A Note On Keeping a Notebook (my version)

I’m dizzy in the head and I have to wake up in 5 hours, but I’m glad I got this writing in. This red spiral notebook, I won’t lie, has been my saving grace this semester. It’s like a life-line for the thoughts that seem too urgent to hold in.

I’ve always loved the idea of notebooks. For $1.99, you get limitless potential, depending on how you fill the damn thing up. But an empty notebook, of which I’ve had many, becomes wasted potential with enough time. It’s a classic problem of hopefulness, perhaps showing how dangerously similar it can be to hopelessness. You let the notebook sit on your desk for a while, maybe doodling on some of the first couple of pages, not exactly thinking of anything special to do with it. Eventually, you lose faith in it, and throw it away. And a few months later, you cycle back into it when you see a cute little notebook for sale at the school’s bookstore.

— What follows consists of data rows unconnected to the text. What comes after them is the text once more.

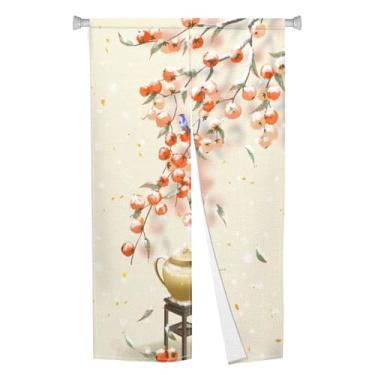 Imagem de Leowefowa Cortina de porta longa japonesa Noren estilo chinês tradicional cortinas de porta de cozinha tratamento de janela caqui impresso tapeçaria divisória de quarto para pendurar decoração de casa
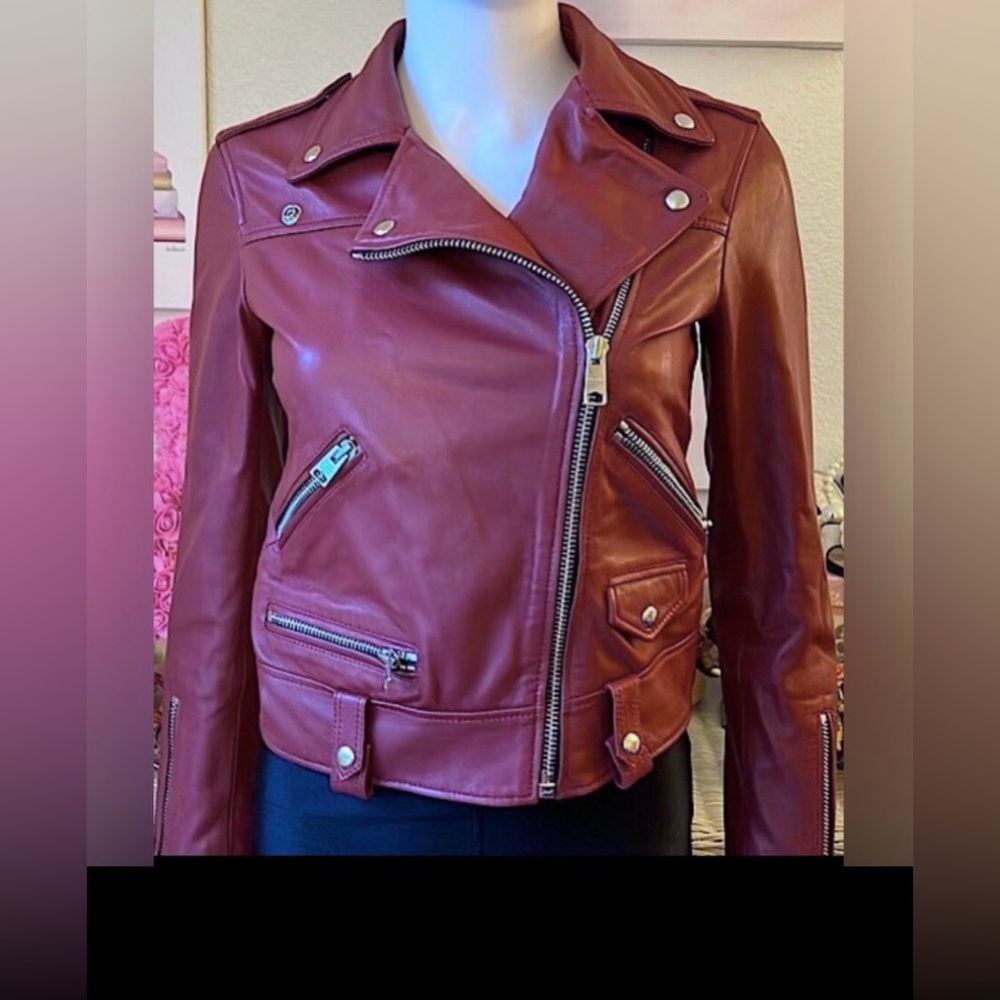 All Saints Estae Biker Sheepskin Leather Jacket Moto Style in Burgundy Size 00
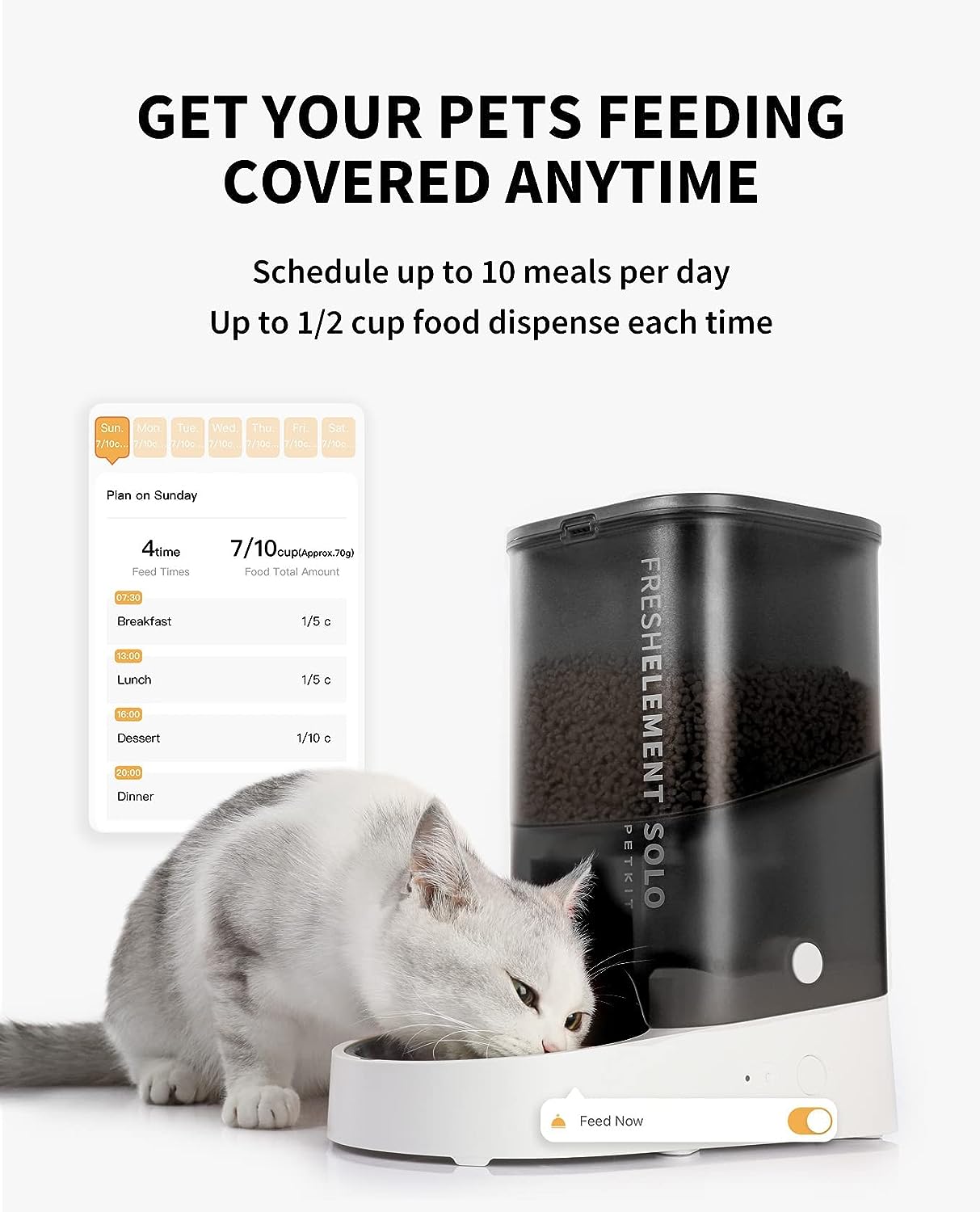 PETKIT Automatic WiFi Cat Feeder, APP Control for Remote Feeding & Monitor, Schedule Up to 10 Meals Per Day, 304 Stainless Steel & Advanced Fresh Lock Technology, Cats/Dogs Up to 15 Days of Feeding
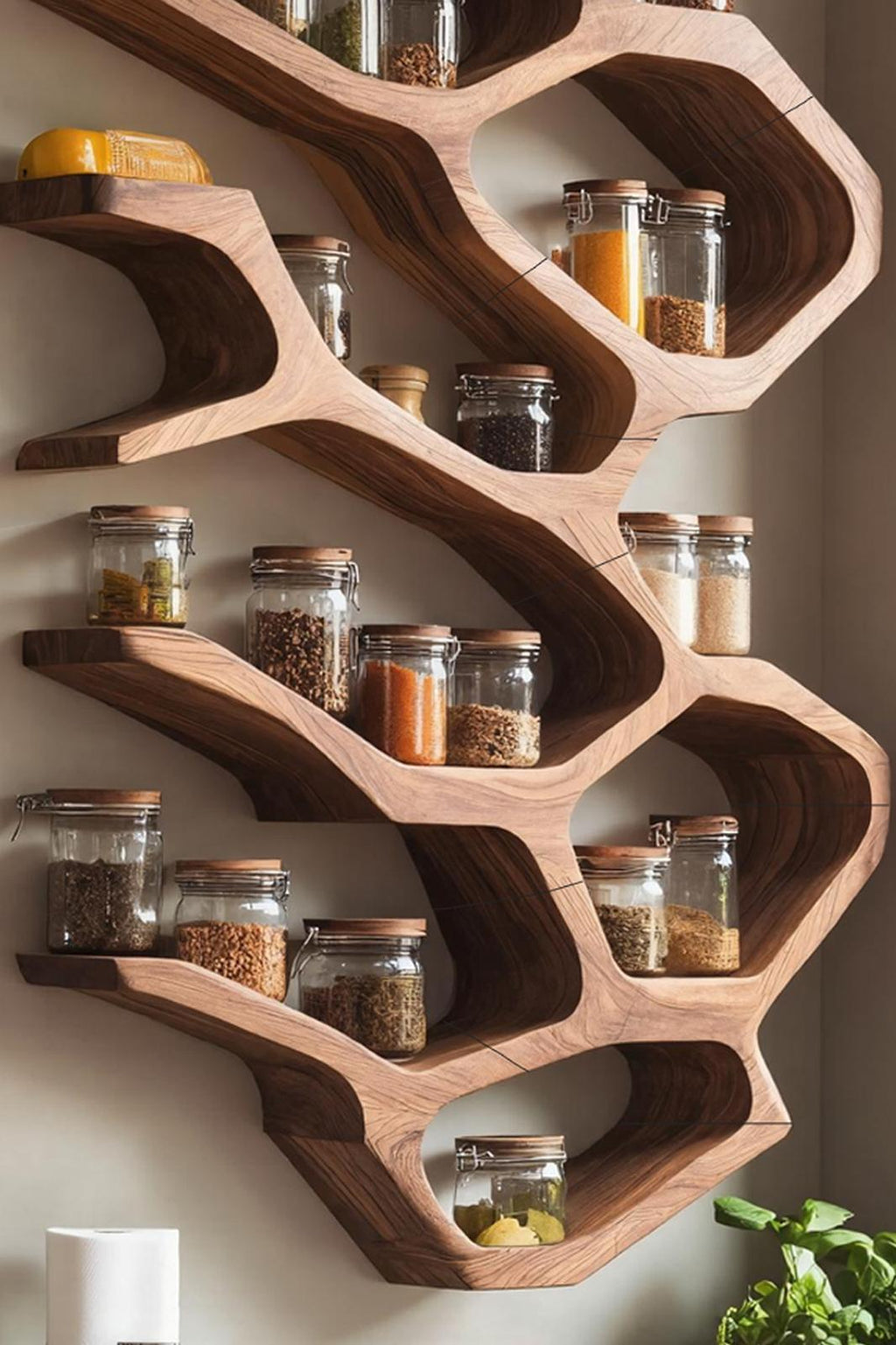 Farmhouse Kitchen Furniture With Wooden Spice Organizer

That said, when you do form the habit of turning to your notebook as a friend in the way that I have, it becomes hard to control. When I did, it became such an important part of my night to write down my thoughts that I felt the definition of Didion’s “compulsivity” stir through my gut. It became my time of self-care as a bogged-down student. And the most amazing thing was that I began to enjoy sharing these thoughts with others. It is, after all, an outlet for my thinking when I have something to say.